"Alors que la position de la Commission est claire, nous attendons de voir ce que la Première ministre a à nous dire", a déclaré le porte-parole de la Commission Margaritis Schinas au cours du point de presse quotidien.

De son côté, le porte-parole de Mme May a affirmé qu'elle allait "informer le président de la Commission européenne des discussions qui se déroulent (au Royaume-Uni) et (voir) comment aller de l'avant", pendant son briefing quotidien avec les médias.

Il a ajouté que le chef du cabinet de la Première ministre, Gavin Barwell, s'était rendu à Bruxelles lundi pour discuter avec des responsables européens.

La question de la frontière irlandaise est le principal point de blocage entre Londres et l'UE.

La dirigeante britannique cherche à obtenir des modifications de la disposition du traité de retrait, appelée "filet de sécurité" ("backstop" en anglais), visant à éviter le rétablissement d'une frontière physique entre l'Irlande du Nord britannique et la République d'Irlande.

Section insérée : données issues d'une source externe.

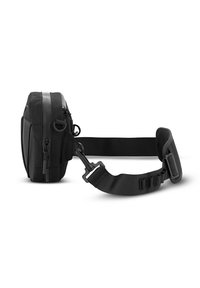 Borsa a spalla nera realizzata in un tessuto resistente con una finitura liscia. Caratterizzata da una tracolla regolabile, chiusura con zip e clip laterale per attacco.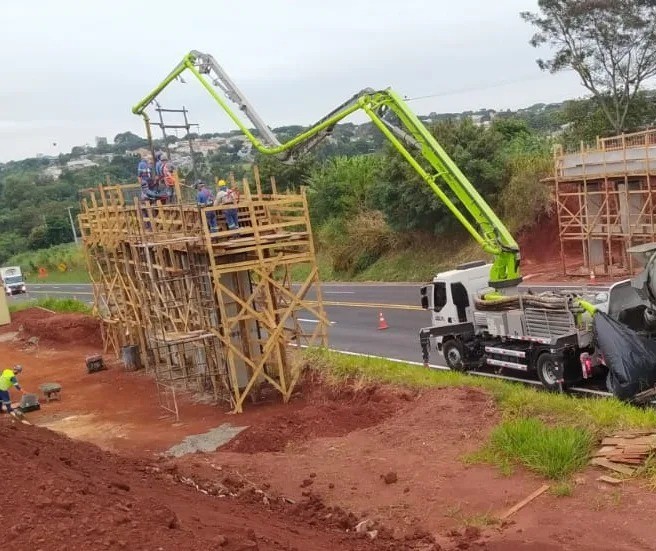 Obras de viadutos vão bloquear a PR-444 em dois finais de semana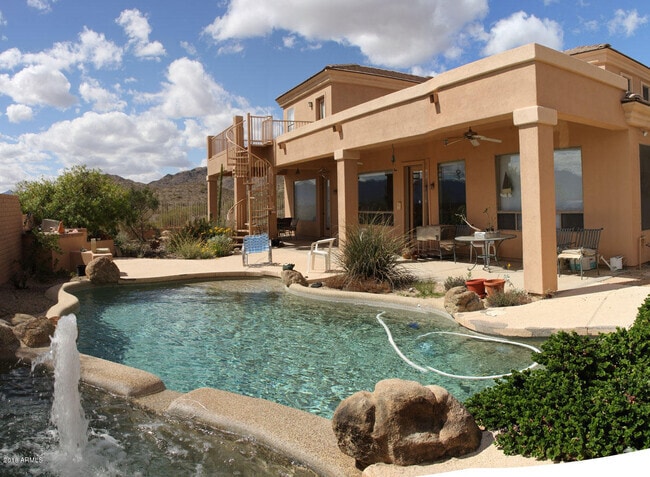 Building Photo - 533 W Desert Flower Ln Rental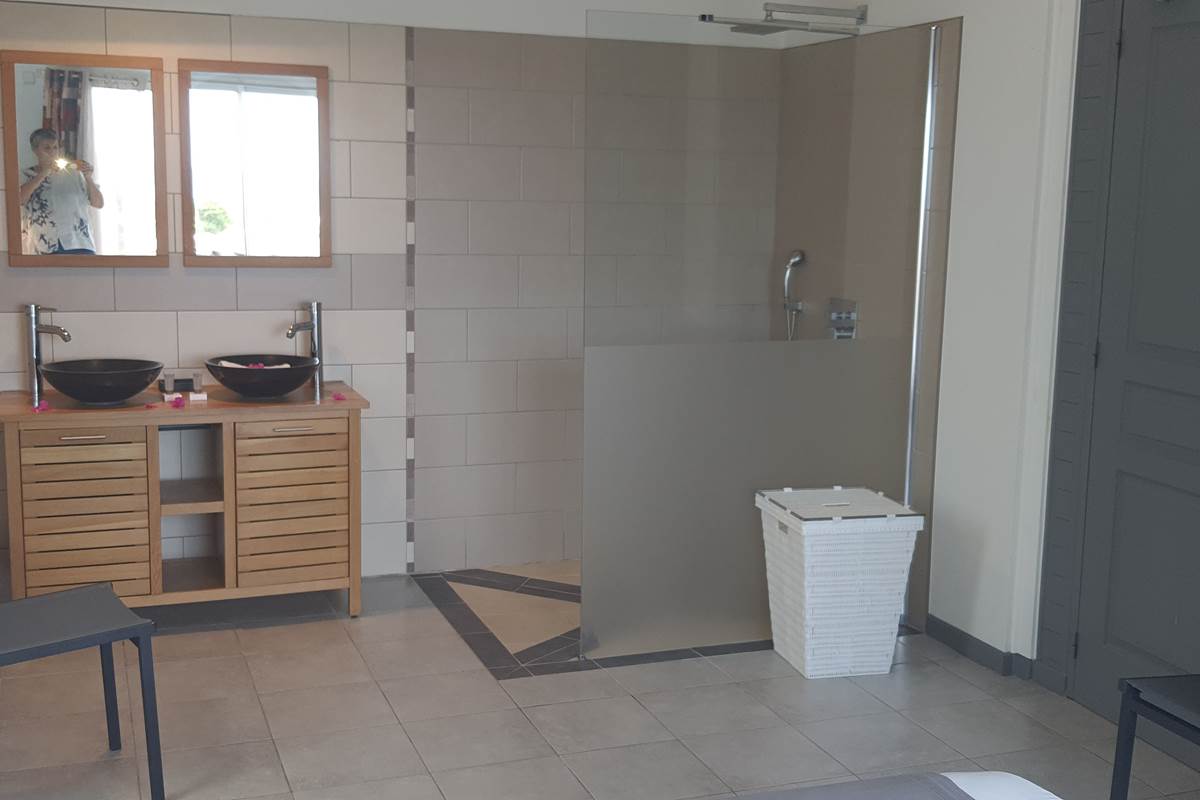 salle de douche ouverte chambre twin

Mais à moins de deux mois du divorce, prévu pour le 29 mars, les responsables européens, dont M. Juncker, ont affirmé à maintes reprises que l'accord de retrait conclu en novembre entre l'UE et Mme May ne serait pas renégocié.

"Filet de sécurité"

"Du côté de l'UE, personne n'envisage" de rouvrir les négociations sur le traité de retrait, a encore assuré lundi Martin Selmayr, le secrétaire général de la Commission, qui est considéré comme le bras droit de M. Juncker, après une rencontre avec une délégation de députés britanniques.

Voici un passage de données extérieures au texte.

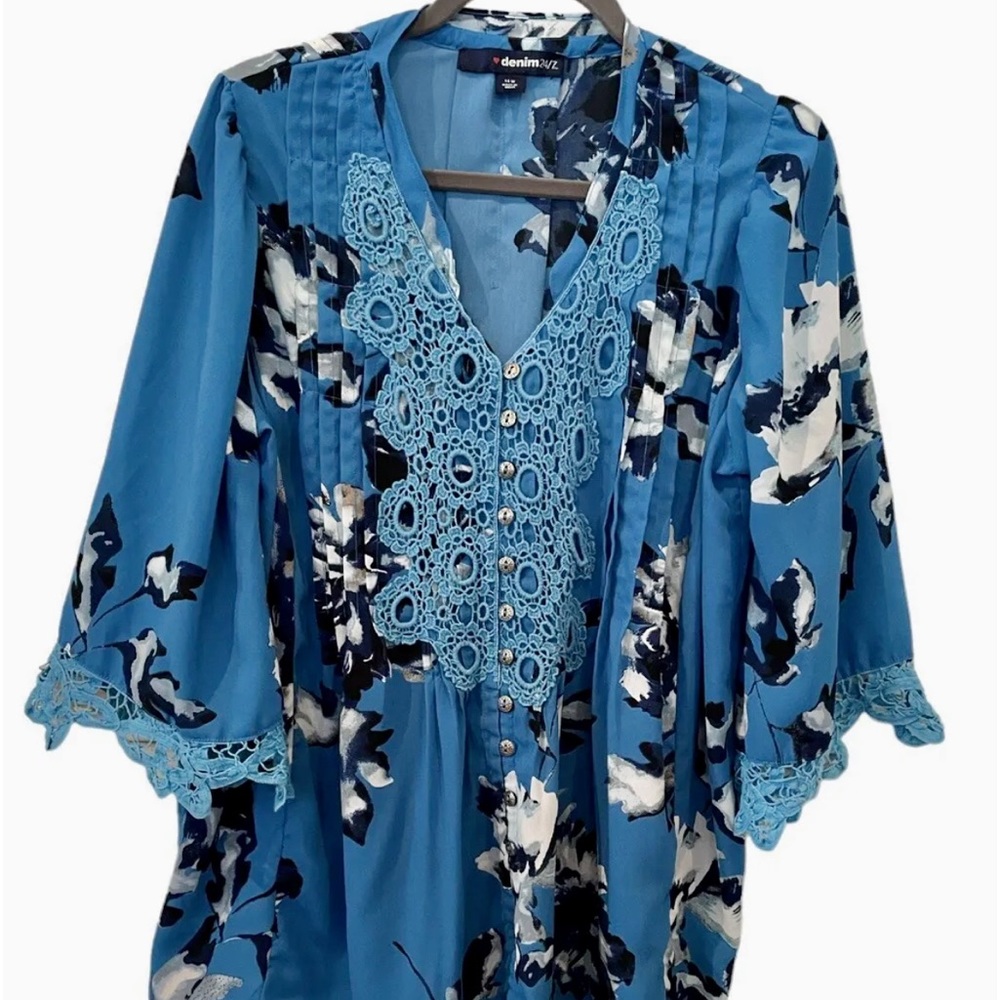 Denim 24/7 Blouse Womens Plus Size 14W Blue Floral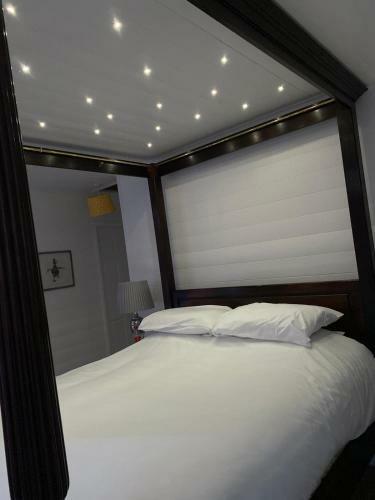 Magpie 1 Hot Tub Huntersmoon-warminster-bath-wiltshire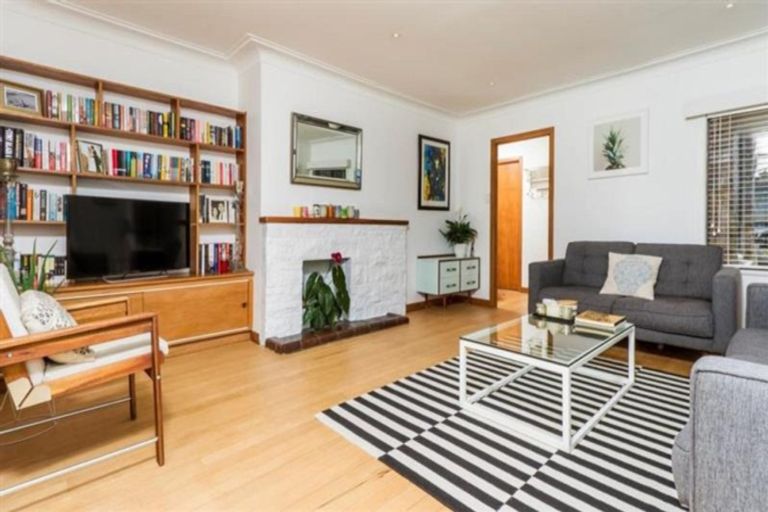 Photo of property in 33 Tui Glen Road, Birkenhead, Auckland, 0626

Interrogé sur le point de savoir si Mme May irait à Bruxelles avec de nouvelles propositions, le porte-parole a botté en touche mardi, déclarant qu'il ne voulait rien "anticiper".

La veille de la visite de Mme May, Jean-Claude Juncker et Donald Tusk, le président du Conseil européen, s'entretiendront avec le Premier ministre irlandais Leo Varadkar.

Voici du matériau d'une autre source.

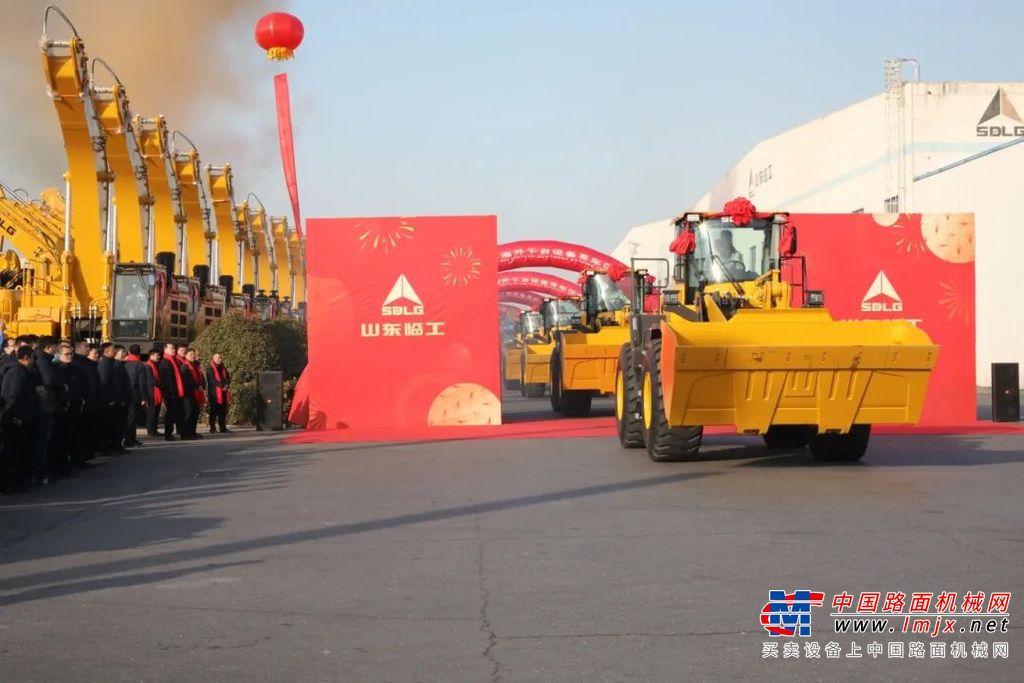 这些设备不仅在国内市场占据重要地位，更在国际市场上赢得了广泛认可。山东临工通过持续的技术创新和产品升级，不断提升产品的竞争力，在全球市场拥有稳健的竞争力，在全球市场中脱颖而出。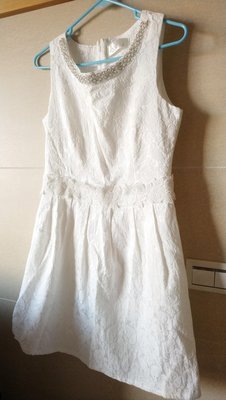Yoco花雕白色清新小洋裝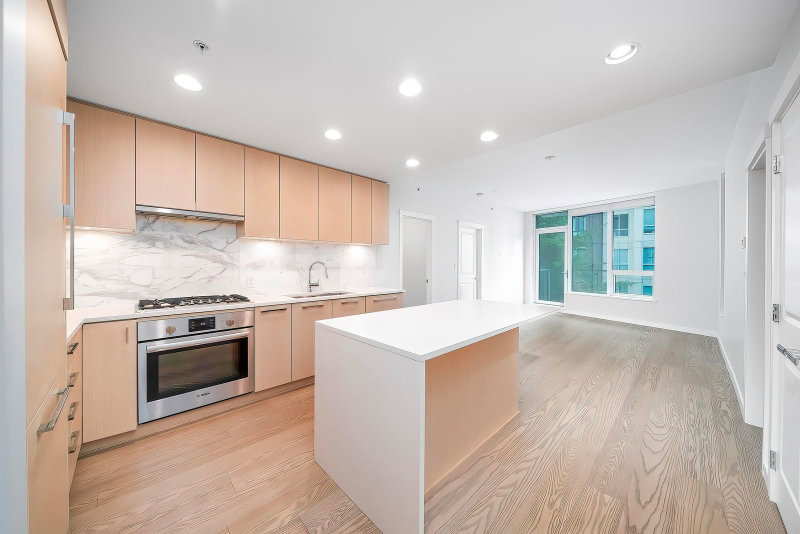 423 - 3563 Ross Drive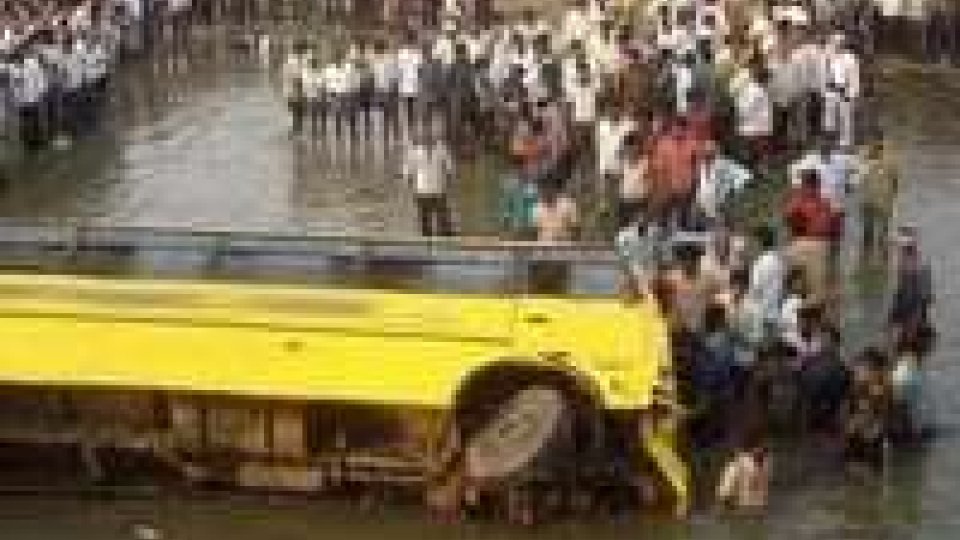 India: autobus cade in fiume, decine di morti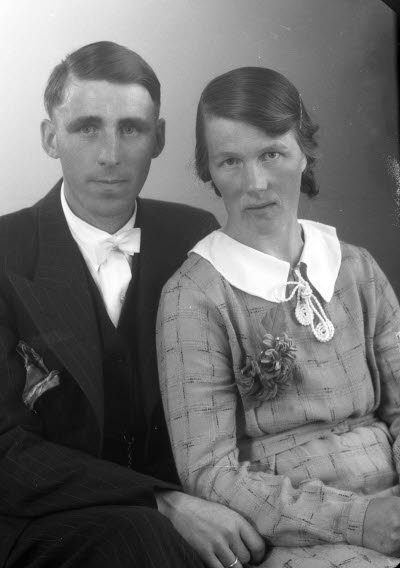 Porträtt av ett par. Ateljefoto.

Le "filet de sécurité" est une mesure activable en dernier recours. Elle prévoit que le Royaume-Uni resterait dans une union douanière avec l'UE, et l'Irlande du Nord dans le marché unique pour les biens, afin d'éviter des contrôles douaniers et règlementaires physiques, si aucune autre solution n'est trouvée au cours des négociations sur la future relation entre Londres et l'UE.

L'accord de retrait qui contient ce "backstop" approuvé en novembre par Theresa May et les dirigeants des 27 autres États membres de l'UE a été massivement rejeté en janvier par les députés britanniques.